Literature DB >> 25289369

Microtia Reconstruction and Postsurgical Grisel's Syndrome: A Rare Cause of Torticollis in a Child.

Jay Ching Chieh Wang1, Claudia Malic1, Christopher Reilly1, Cynthia Verchere1.   

Abstract

SUMMARY: Grisel's syndrome is an unusual but important cause of torticollis which may be encountered in a pediatric plastic surgery practice, where craniofacial and oropharyngeal surgeries are commonly performed. Grisel's syndrome is characterized by painful torticollis and limited cervical rotation, and the diagnosis is confirmed via radiologic imaging. Initial management of Grisel's syndrome is with anti-inflammatories and in some cases antibiotics. In unresolving or recurrent cases, more invasive treatments, such as cervical collar, halo, or surgical arthrodesis, may be considered.

Entities:  

Year:  2014        PMID: 25289369      PMCID: PMC4174248          DOI: 10.1097/GOX.0000000000000117

Source DB:  PubMed          Journal:  Plast Reconstr Surg Glob Open        ISSN: 2169-7574


CASE REPORT

A 12-year-old Asian boy with left hemifacial microsomia and associated left microtia underwent a first-stage Nagata-type reconstruction of the left ear with right rib cartilage graft. Before the surgery, the patient had unremarkable range of motion in the neck with no head-and-neck pain, infection, or mass. Surgical positioning was typical for microtia reconstruction with a shoulder roll, the head prepped and draped fully, and mostly turned to the right on an Acton gel donut. Postoperatively, the patient presented on the ward with a stiff neck, with head tilted and turned to the right side, and limited voluntary mobility (Fig. 1). It was felt to be a protective response to pain and increased pain medication, and mobilization was encouraged. The stiffness persisted even after discharge home. A physiotherapist was consulted who suspected Grisel’s syndrome. A computed tomography (CT) scan revealed a C1–C2 subluxation and Grisel’s syndrome was confirmed (Fig. 2). Treatment with a course of anti-inflammatories, relaxed neck positioning, and collar use proved unsuccessful, and the patient was admitted to hospital for halter traction and splinting. Two months after the initial onset of the torticollis, the torticollis slowly resolved.
Fig. 1.

X-ray showing the subject’s head position. With no neurological signs or peripheral nerve complaints, the patient retained full flexion and right-sided cervical rotation. Neck extension was limited to 20 degrees, and left cervical rotation did not go beyond midline.

Fig. 2.

3D model from a CT of vertebrae C1–C3. Right and left view.

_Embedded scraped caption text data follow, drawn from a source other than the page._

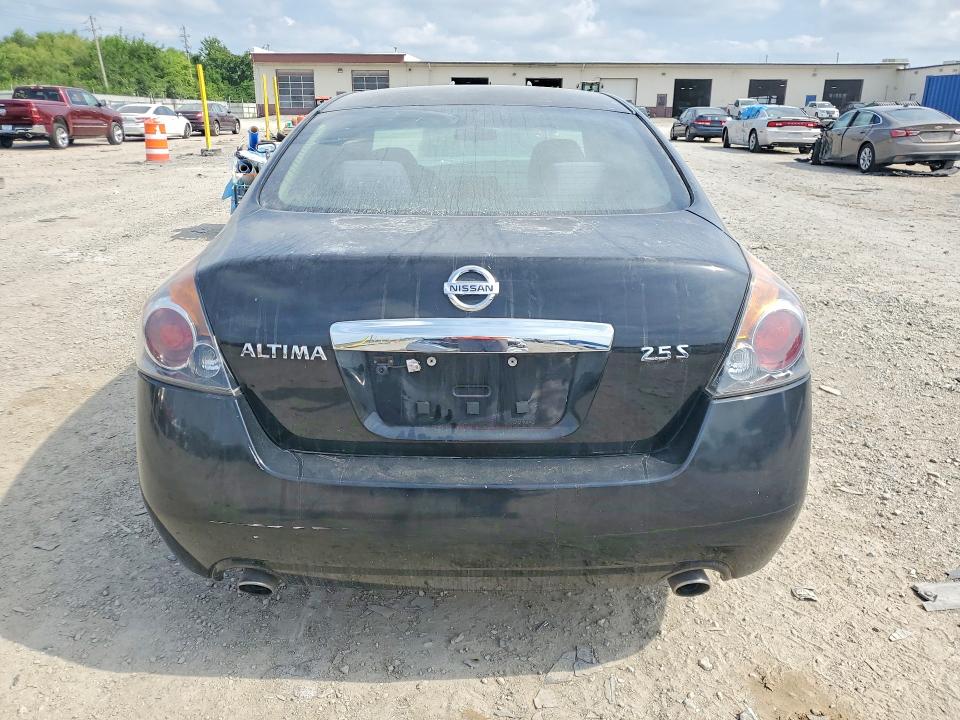 Продаж на аукціоні авто 2011 Nissan Altima, vin: 1N4AL2AP4BC134214, номер лоту: 59627586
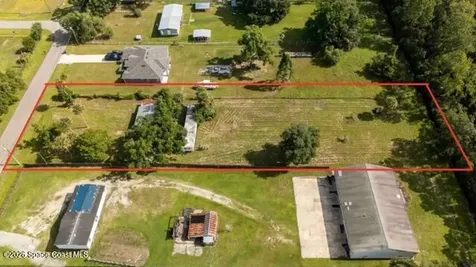 1121 Saint Nicholas Avenue Christmas FL 32709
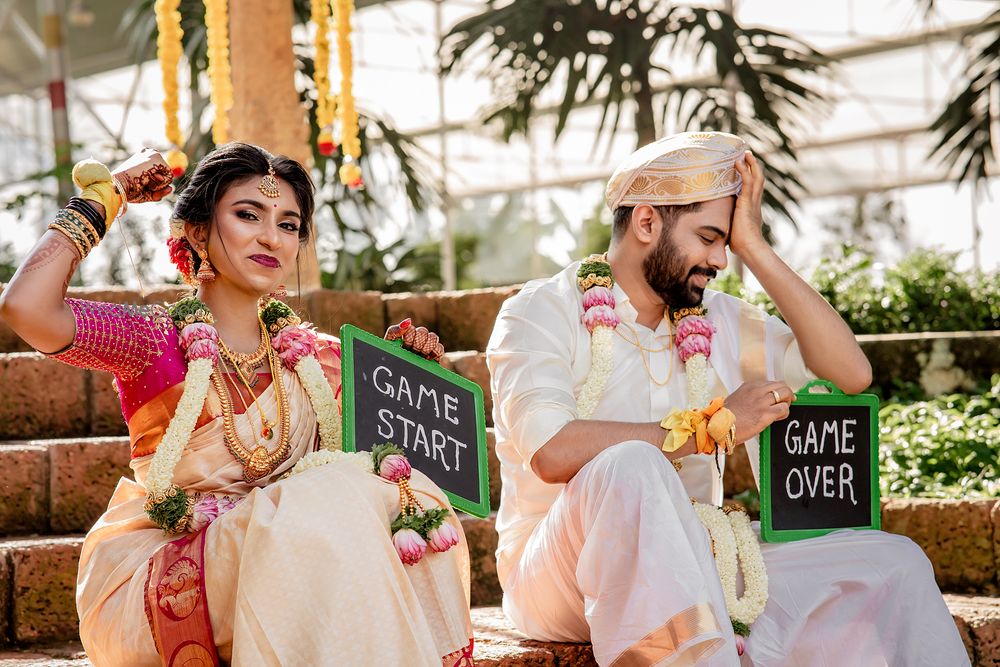 Photo From BANGALORE WEDDING -NIRUSHA & PRASHANTH - By Weddingcinemas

X-ray showing the subject’s head position. With no neurological signs or peripheral nerve complaints, the patient retained full flexion and right-sided cervical rotation. Neck extension was limited to 20 degrees, and left cervical rotation did not go beyond midline. 3D model from a CT of vertebrae C1–C3. Right and left view. A 3-month postsurgical CT scan demonstrated some persistent dysplasia of the anterosuperior surface of the left C2 lateral mass, potentially facilitating anterior subluxation of the C1 lateral mass (Fig. 3). It was unclear if the change was a congenital asymmetry or secondarily resulted from the prolonged subluxation.
Fig. 3.

3D CT images of C1–C3 after correction with halter traction and splinting. Right and left view. Note asymmetry of C2 lateral masses.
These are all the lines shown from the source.